This changes it to do the permission checks at open time, and instead of
tracking the process, it tracks the VM at the time of the open. That
simplifies the code a lot, but does mean that if you hold the file
descriptor open over an execve(), you'll continue to read from the _old_
VM.
That is different from our previous behavior, but much simpler. If
somebody actually finds a load where this matters, we'll need to revert
this commit.
I suspect that nobody will ever notice - because the process mapping
addresses will also have changed as part of the execve. So you cannot
actually usefully access the fd across a VM change simply because all
the offsets for IO would have changed too.
Reported-by: Jüri Aedla <asd@ut.ee>
Cc: Al Viro <viro@zeniv.linux.org.uk>
Signed-off-by: Linus Torvalds <torvalds@linux-foundation.org>
---
fs/proc/base.c | 145 +++++++++++++++-----------------------------------------
1 files changed, 39 insertions(+), 106 deletions(-)
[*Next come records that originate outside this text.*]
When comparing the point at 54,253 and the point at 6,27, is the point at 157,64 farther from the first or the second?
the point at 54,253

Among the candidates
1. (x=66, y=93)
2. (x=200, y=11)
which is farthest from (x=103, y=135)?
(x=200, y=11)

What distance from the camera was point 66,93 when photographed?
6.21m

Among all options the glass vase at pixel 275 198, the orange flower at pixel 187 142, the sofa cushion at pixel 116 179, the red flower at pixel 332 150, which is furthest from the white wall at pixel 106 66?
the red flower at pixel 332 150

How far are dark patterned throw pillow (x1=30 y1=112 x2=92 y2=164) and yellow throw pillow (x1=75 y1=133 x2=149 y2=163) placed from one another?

diff --git a/fs/proc/base.c b/fs/proc/base.c
index 5485a53..662ddf2 100644
--- a/fs/proc/base.c
+++ b/fs/proc/base.c
@@ -198,65 +198,7 @@ static int proc_root_link(struct dentry *dentry, struct path *path)
return result;
}
-static struct mm_struct *__check_mem_permission(struct task_struct *task)
-{
- struct mm_struct *mm;
-
- mm = get_task_mm(task);
- if (!mm)
- return ERR_PTR(-EINVAL);
-
- /*
- * A task can always look at itself, in case it chooses
- * to use system calls instead of load instructions.
- */
- if (task == current)
- return mm;
-
- /*
- * If current is actively ptrace'ing, and would also be
- * permitted to freshly attach with ptrace now, permit it.
- */
- if (task_is_stopped_or_traced(task)) {
- int match;
- rcu_read_lock();
- match = (ptrace_parent(task) == current);
- rcu_read_unlock();
- if (match && ptrace_may_access(task, PTRACE_MODE_ATTACH))
- return mm;
- }
-
- /*
- * No one else is allowed.
- */
- mmput(mm);
- return ERR_PTR(-EPERM);
-}
-
-/*
- * If current may access user memory in @task return a reference to the
- * corresponding mm, otherwise ERR_PTR.
- */
-static struct mm_struct *check_mem_permission(struct task_struct *task)
-{
- struct mm_struct *mm;
- int err;
-
- /*
- * Avoid racing if task exec's as we might get a new mm but validate
- * against old credentials.
- */
- err = mutex_lock_killable(&task->signal->cred_guard_mutex);
- if (err)
- return ERR_PTR(err);
-
- mm = __check_mem_permission(task);
- mutex_unlock(&task->signal->cred_guard_mutex);
-
- return mm;
-}
-
-struct mm_struct *mm_for_maps(struct task_struct *task)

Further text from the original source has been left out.